== Segment start ==

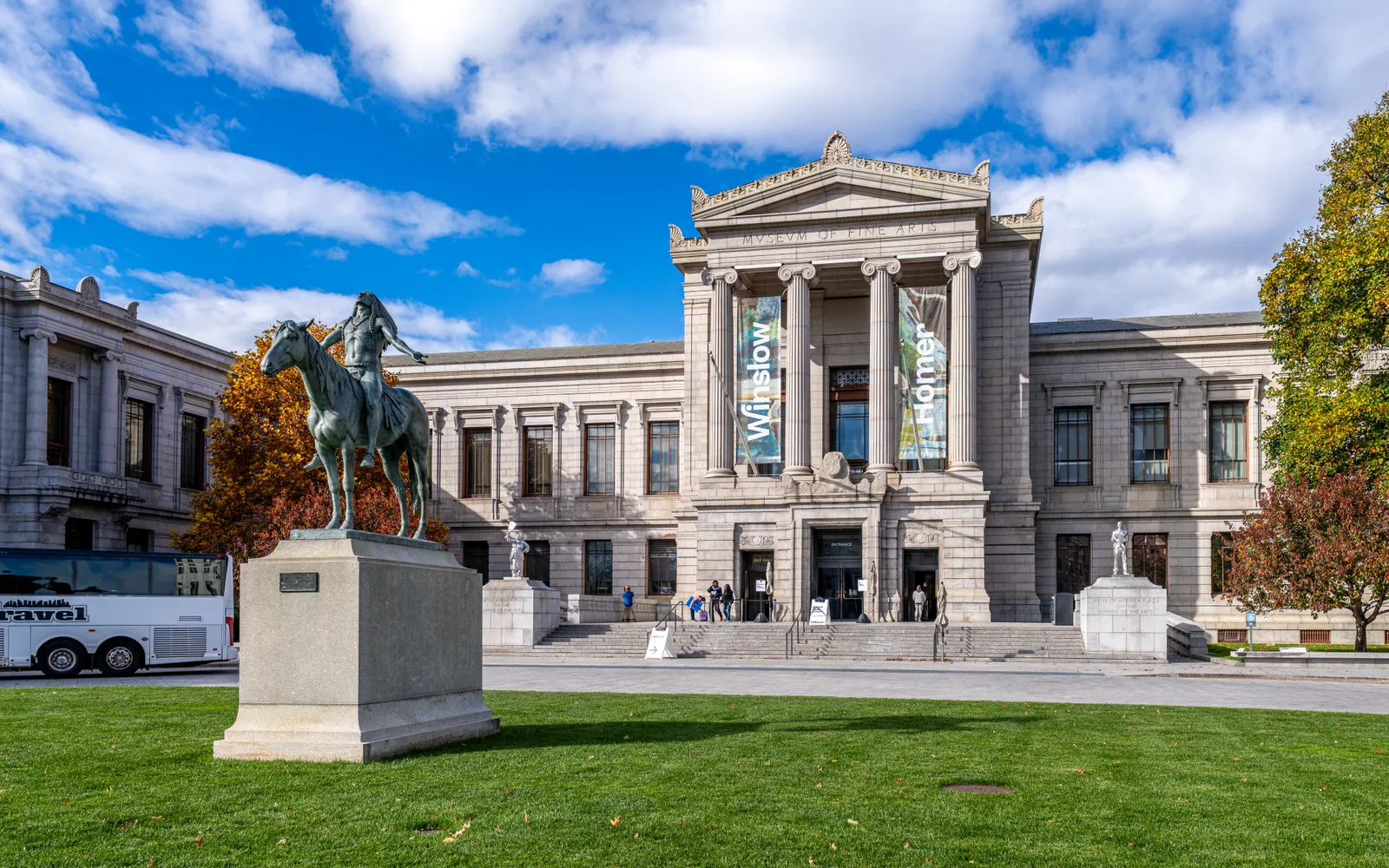 อาคารหินทรายสวยงามของ Museum of Fine Arts Boston ย่าน Fenway พร้อมรูปปั้นนักรบหน้าประตู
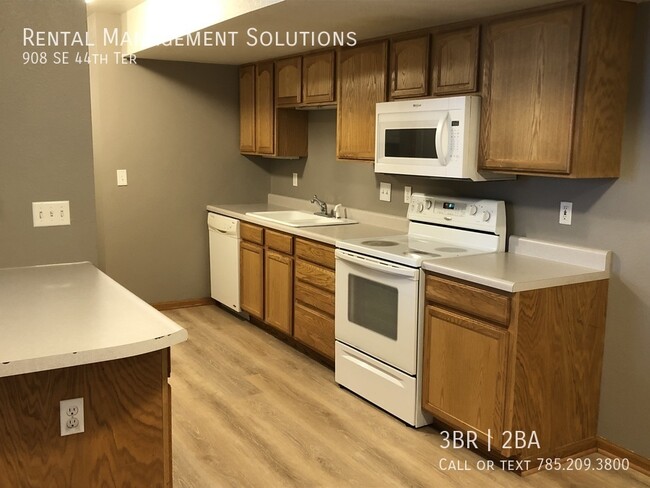 Building Photo - *SHAWNEE HEIGHTS SCHOOL DISTRICT* 908 SE 4...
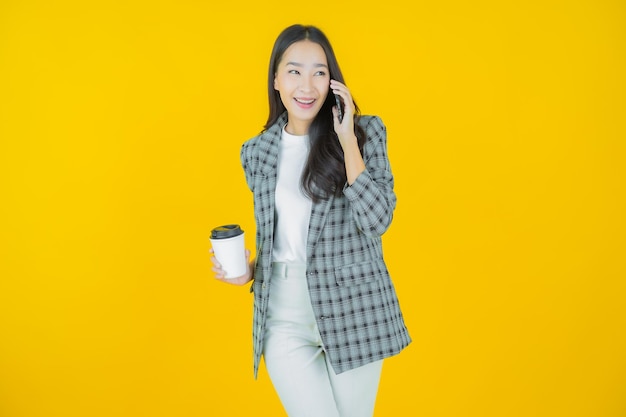 Retrato hermosa mujer asiática joven sonrisa con teléfono móvil inteligente sobre fondo de color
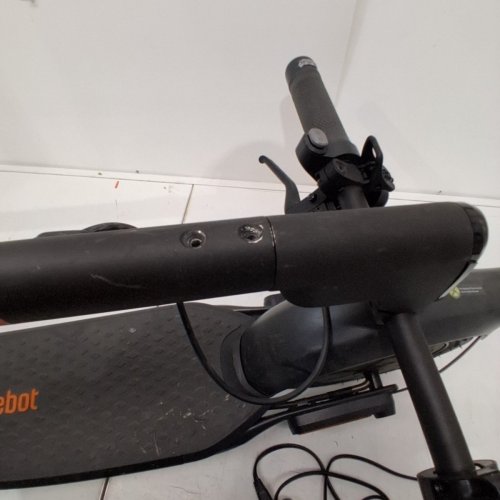 SEGWAY NINEBOT KICKSCOOTER F-SE WITH TURN SIGNALS - 18MPH MAX SPEED - BLACK - (MODEL: 051201USAM) image 6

== Segment end ==

## WORK TO COMPLETE
Reproduce the whole listing exactly, but not the images in it.

## SOLUTION
 อาคารหินทรายสวยงามของ Museum of Fine Arts Boston ย่าน Fenway พร้อมรูปปั้นนักรบหน้าประตู
 Building Photo - *SHAWNEE HEIGHTS SCHOOL DISTRICT* 908 SE 4...
 Retrato hermosa mujer asiática joven sonrisa con teléfono móvil inteligente sobre fondo de color
 SEGWAY NINEBOT KICKSCOOTER F-SE WITH TURN SIGNALS - 18MPH MAX SPEED - BLACK - (MODEL: 051201USAM) image 6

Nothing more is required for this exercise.